How much time does it take for Couchbase to delete a bucket?

zarrin · October 18, 2017, 12:46am

I have 3 Couchbase nodes in my cluster, each node has 10 CPU cores (2.2 GHz) and 50 Gigabyte ram.
I deleted a bucket with 100 million data (70 G) 3 hours ago, but Couchbase show it as an orphan bucket, and it stops all of my works with Couchbase.
is it normal that takes more than 3 hours just for deleting a bucket?

matthew.groves · October 19, 2017, 1:32pm

Hi @zarrin,

What version of Couchbase Server are you using? Could it be possible that a client is still connected?

Here are a couple of tickets that you might want to take a look at:

https://issues.couchbase.com/browse/MB-19430 (bucket deletion stalls, fixed in 4.5)
https://issues.couchbase.com/browse/MB-26341 (bucket could not finish being deleted, may be due to client still being connected)

zarrin · October 20, 2017, 12:31pm

Thank you @matthew.groves
I am using Couchbase Version: 4.6.3-4136 Enterprise Edition (build-4136) on 3 nodes.
at that moment no client connected to Couchbase.
I checked it after 1 day and the orphan bucket disappeared, but as I knew ( I was awake and watching Couchbase Web Console) the process of deleting bucket was taken more than 5 hours.

househippo · October 20, 2017, 5:02pm

Couchbase recommends a min of 20-30% of your data in memory.

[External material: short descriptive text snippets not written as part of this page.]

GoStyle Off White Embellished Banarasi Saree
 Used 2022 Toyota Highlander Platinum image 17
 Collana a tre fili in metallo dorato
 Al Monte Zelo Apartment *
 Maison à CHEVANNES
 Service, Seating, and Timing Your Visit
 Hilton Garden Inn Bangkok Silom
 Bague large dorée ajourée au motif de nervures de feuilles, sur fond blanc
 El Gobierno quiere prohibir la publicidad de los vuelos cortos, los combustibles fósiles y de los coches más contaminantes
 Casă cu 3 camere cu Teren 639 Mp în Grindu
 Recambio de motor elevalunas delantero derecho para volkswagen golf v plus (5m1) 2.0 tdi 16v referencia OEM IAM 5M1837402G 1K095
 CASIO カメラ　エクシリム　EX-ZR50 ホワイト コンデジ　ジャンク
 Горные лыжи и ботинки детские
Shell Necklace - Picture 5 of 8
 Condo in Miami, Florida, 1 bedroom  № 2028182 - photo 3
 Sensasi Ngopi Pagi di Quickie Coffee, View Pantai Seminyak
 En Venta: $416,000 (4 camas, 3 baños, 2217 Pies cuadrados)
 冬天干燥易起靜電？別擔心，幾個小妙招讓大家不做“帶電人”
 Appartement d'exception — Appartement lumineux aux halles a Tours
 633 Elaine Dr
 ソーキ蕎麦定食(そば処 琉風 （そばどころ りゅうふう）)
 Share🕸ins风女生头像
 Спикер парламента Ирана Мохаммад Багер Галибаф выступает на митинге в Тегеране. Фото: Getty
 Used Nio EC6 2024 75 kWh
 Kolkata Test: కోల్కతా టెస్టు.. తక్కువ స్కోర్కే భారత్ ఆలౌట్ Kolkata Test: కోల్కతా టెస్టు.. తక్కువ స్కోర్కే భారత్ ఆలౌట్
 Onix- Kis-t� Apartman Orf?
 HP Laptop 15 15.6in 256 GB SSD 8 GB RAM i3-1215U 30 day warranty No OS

Are you running other services besides Data in the three node cluster?

Have you set Couchbase with the correct ulimit settings

and

OS tunings?

zarrin · October 20, 2017, 8:41pm

Thank you @househippo for your good points.

I was configured Couchbase a month ago and here is system status :

[root@vmi138297 ~]# cat /etc/security/limits.conf
couchbase hard nofile 40960
couchbase hard core unlimited
[root@vmi138297 ~]# sysctl vm.max_map_count
vm.max_map_count = 65530
[root@vmi138297 ~]# cat /etc/sysctl.conf
kernel.panic = 10
vm.swappiness = 0
[root@vmi138297 ~]# cat /proc/sys/vm/swappiness
0
[root@vmi138297 ~]# cat /sys/kernel/mm/transparent_hugepage/enabled
always madvise [never]
[root@vmi138297 ~]# cat /sys/kernel/mm/transparent_hugepage/defrag
always madvise [never]
[root@vmi138297 ~]# ulimit -a
core file size (blocks, -c) 0
data seg size (kbytes, -d) unlimited
scheduling priority (-e) 0
file size (blocks, -f) unlimited
pending signals (-i) 200537
max locked memory (kbytes, -l) 64
max memory size (kbytes, -m) unlimited
open files (-n) 1024
pipe size (512 bytes, -p) 8
POSIX message queues (bytes, -q) 819200
real-time priority (-r) 0
stack size (kbytes, -s) 8192
cpu time (seconds, -t) unlimited
max user processes (-u) 200537
virtual memory (kbytes, -v) unlimited
file locks (-x) unlimited
[root@vmi138297 ~]# su - couchbase
This account is currently not available.

I was set ulimit to 40960 (as root user) but as you see above (Bold Lines), It was reset maybe by a restart.
on the other hand, I was appended bellow lines into /etc/security/limits.conf .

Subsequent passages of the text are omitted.